One of the most talked-about novels of the year so far is “ James ,” by Percival Everett. Last year, everyone seemed to be buzzing about Barbara Kingsolver’s “ Demon Copperhead ,” which won a Pulitzer Prize for fiction . These are very different books with one big thing in common: Each reimagines a beloved 19th-century masterwork, a coming-of-age story that had been a staple of youthful reading for generations.

“Demon Copperhead” takes “David Copperfield,” Charles Dickens’s 1850 chronicle of a young boy’s adventures amid the cruelty and poverty of Victorian England, and transplants it to the rocky soil of modern Appalachia, where poverty and cruelty continue to flourish, along with opioids, environmental degradation and corruption. “James” retells Mark Twain’s “Adventures of Huckleberry Finn,” first published in 1884, from the point of view of Huck’s enslaved companion, Jim — now James.

The rewriting of old books is hardly a new practice, though it’s one that critics often like to complain about. Doesn’t anyone have an original idea ? Can’t we just leave the classics alone?

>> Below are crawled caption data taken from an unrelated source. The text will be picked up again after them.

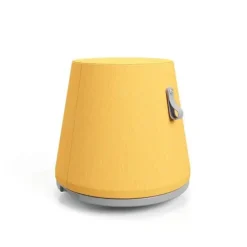 Smith System Flowform Motion Stool^Kids Active Seating|Kids Chairs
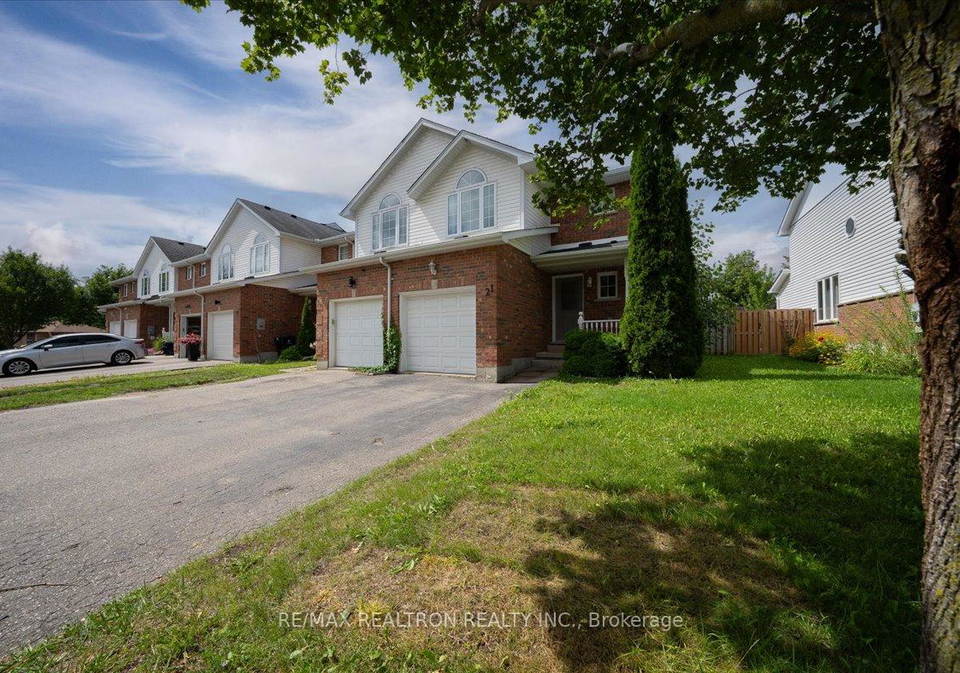 21-brandy-crescent-kitchener-ontario-x13687918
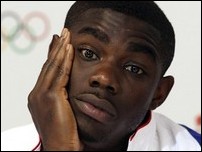 ���� �������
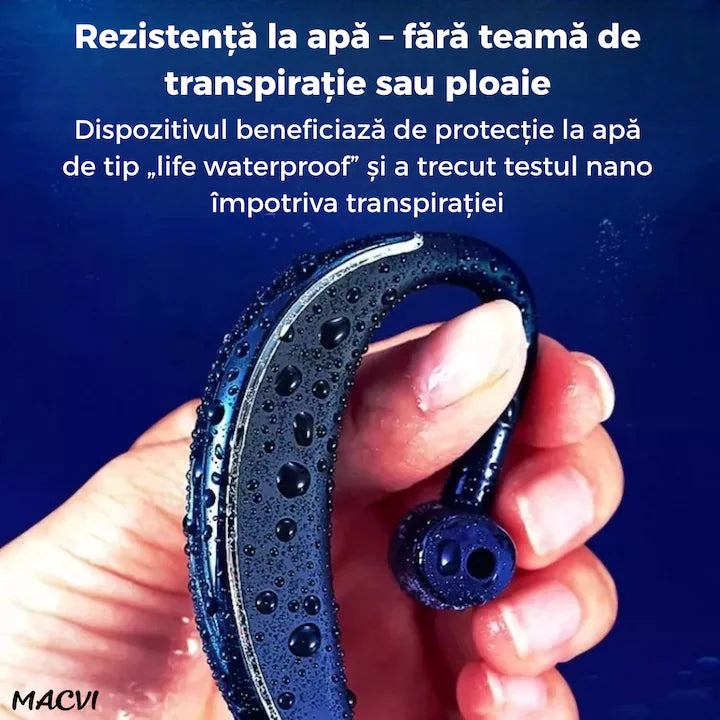 2b3c684ca73ed8698889540f53f9479c
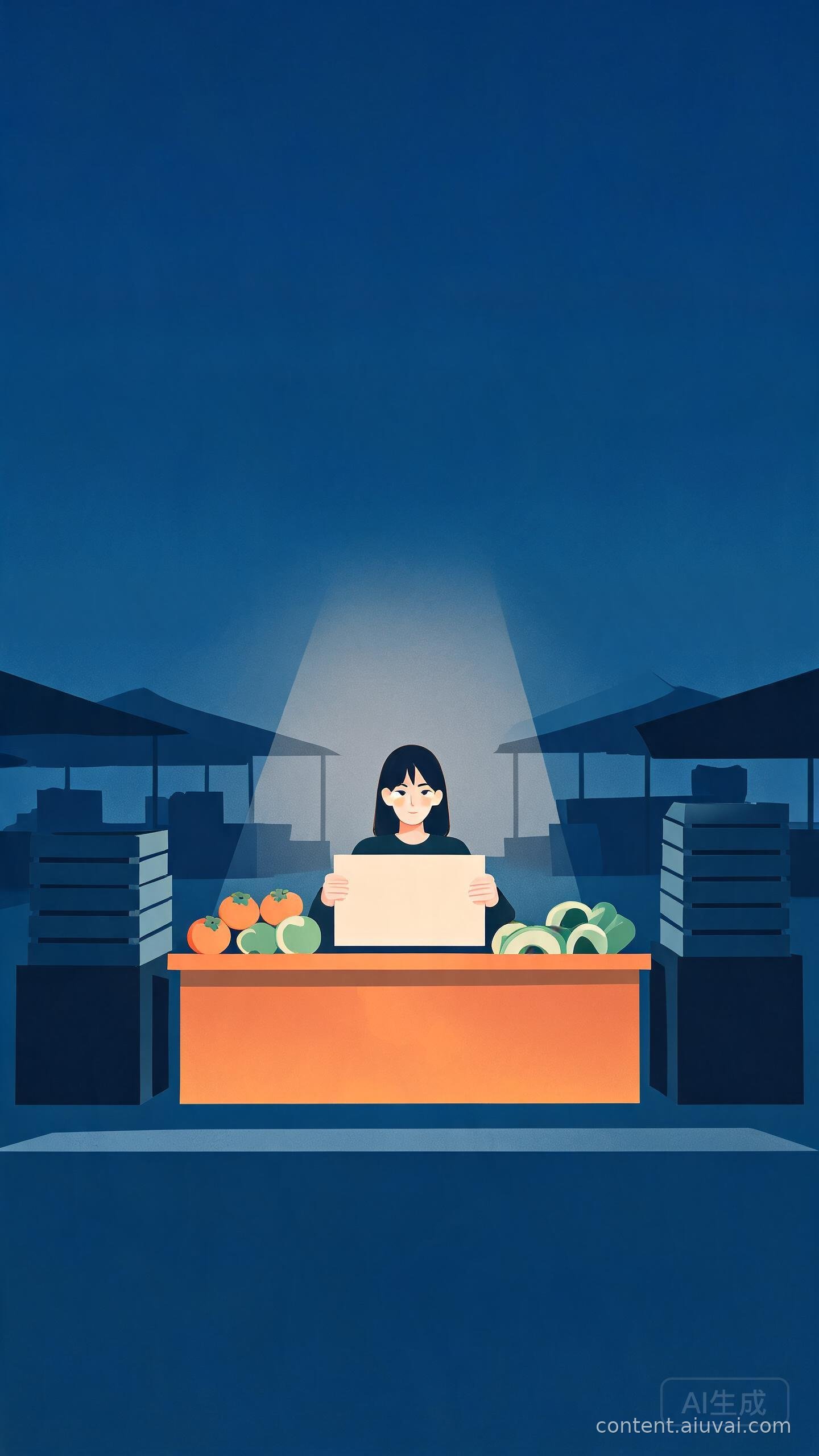 cover_4.jpg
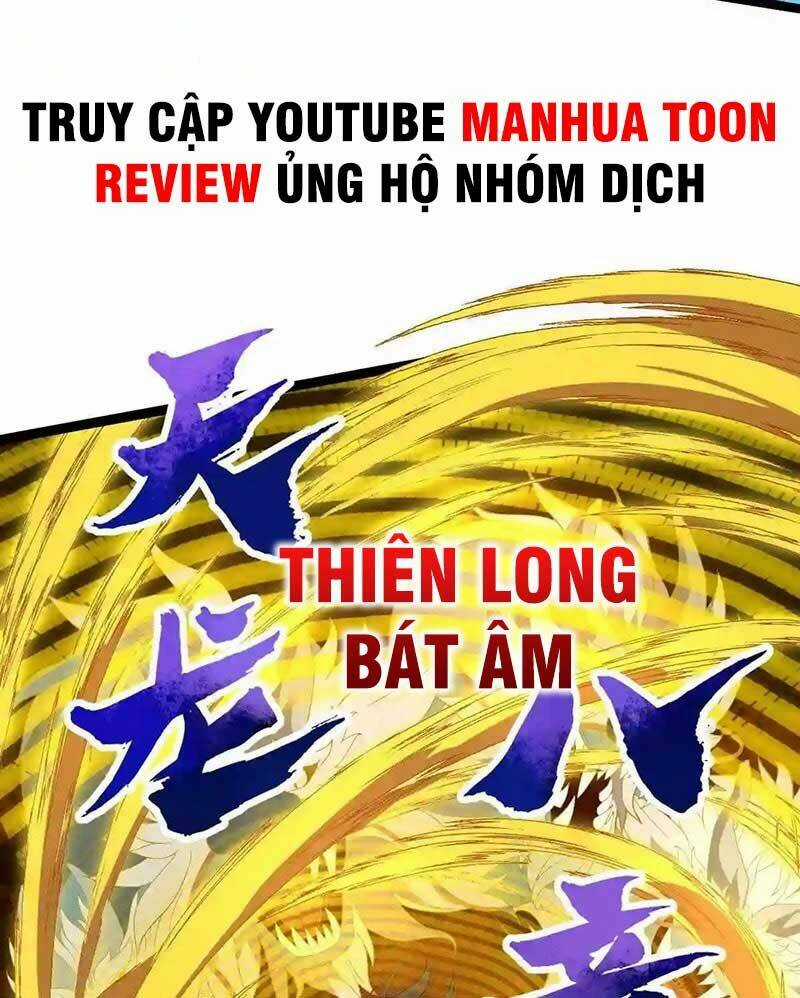 Vĩnh Sinh Chapter 41 trang 55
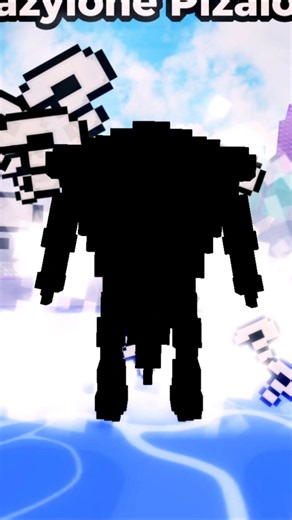 Divine Lava Beast OG #roblox #og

Of course not. Without imitation, our literature would be threadbare. The modern canon is unimaginable without such acts of appropriation as James Joyce’s “Ulysses,” which deposited the “Odyssey” in 1904 Dublin, and Jean Rhys’s “Wide Sargasso Sea,” an audacious postcolonial prequel to “Jane Eyre.” More recently, Zadie Smith refashioned E.M. Forster’s “Howards End” into “ On Beauty ” and tackled Dickens in “ The Fraud, ” while Kamel Daoud answered Albert Camus’s “The Stranger” with “ The Meursault Investigation .”

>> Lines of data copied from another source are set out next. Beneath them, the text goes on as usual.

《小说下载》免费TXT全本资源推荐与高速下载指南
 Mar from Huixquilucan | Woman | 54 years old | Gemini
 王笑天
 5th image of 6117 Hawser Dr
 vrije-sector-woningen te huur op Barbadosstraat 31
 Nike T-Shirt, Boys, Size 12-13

Shakespeare ransacked Holinshed’s “Chronicles” for his histories and whatever Latin and Italian plays he could grab hold of for his comedies and tragedies. A great many of those would be ripped off, too — reinvented, transposed, updated — by ambitious artists of later generations. Tom Stoppard and John Updike twisted “Hamlet” into “Rosencrantz and Guildenstern Are Dead” and “Gertrude and Claudius.” “Romeo and Juliet” blossomed into “West Side Story.” The best modern versions of “Macbeth” and “King Lear” are samurai movies directed by Akira Kurosawa .

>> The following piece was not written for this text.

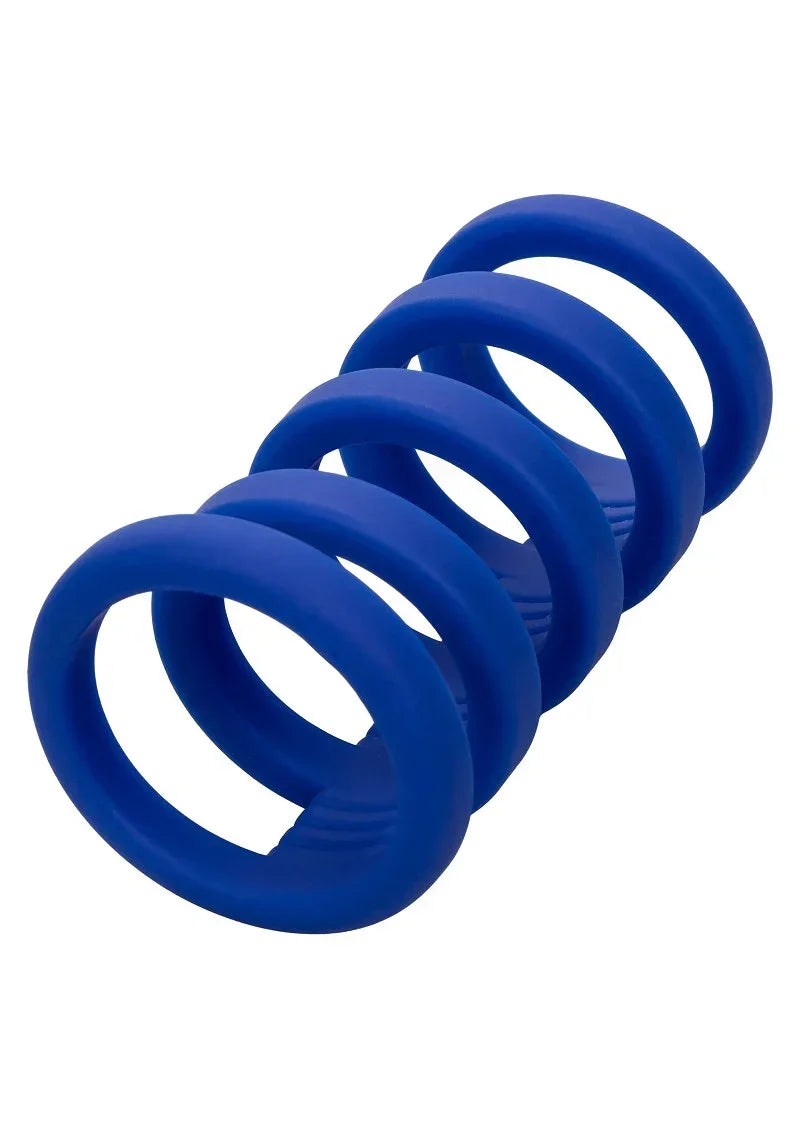 CalExotics-Admiral-Xtreme-Cock-Cage-Happytoys-Sexshop-Toys-for-Feeling-Happy-Easy-246 @ Happytoys Sexshop: online sex shop for Feeling Happy & Easy 😊 the erotic store owned by a woman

As for Dickens and Twain, it’s hard to think of two more energetic self-imitators. Their collected writings are thick with sequels, reboots and spinoffs. Literary brands in their own right, they were among the most successful IP-driven franchise entertainers of their respective generations, belonging as much to popular culture as to the world of letters.

“David Copperfield,” drawing on incidents in Dickens’s early life and coming in the wake of blockbusters like “The Pickwick Papers” and “Oliver Twist,” functions as an autobiographical superhero origin story. David, emerging from a childhood that is the definition of “Dickensian,” discovers his powers as a writer and ascends toward the celebrity his creator enjoyed.

Twain was already famous when he published “Huckleberry Finn,” which revived the characters and setting of an earlier success. The very first sentence gestures toward a larger novelistic universe: “You don’t know about me without you have read a book by the name of ‘The Adventures of Tom Sawyer’; but that ain’t no matter.” (Classic sequelism: a welcome back to the established fans while ushering in the newbies.) Tom, who very nearly ruins Huck’s book when he shows up at the end, is the heart of the franchise: Tony Stark to Huck’s Ant-Man, the principal hero in an open-ended series of adventures, including a handful that Twain left unfinished .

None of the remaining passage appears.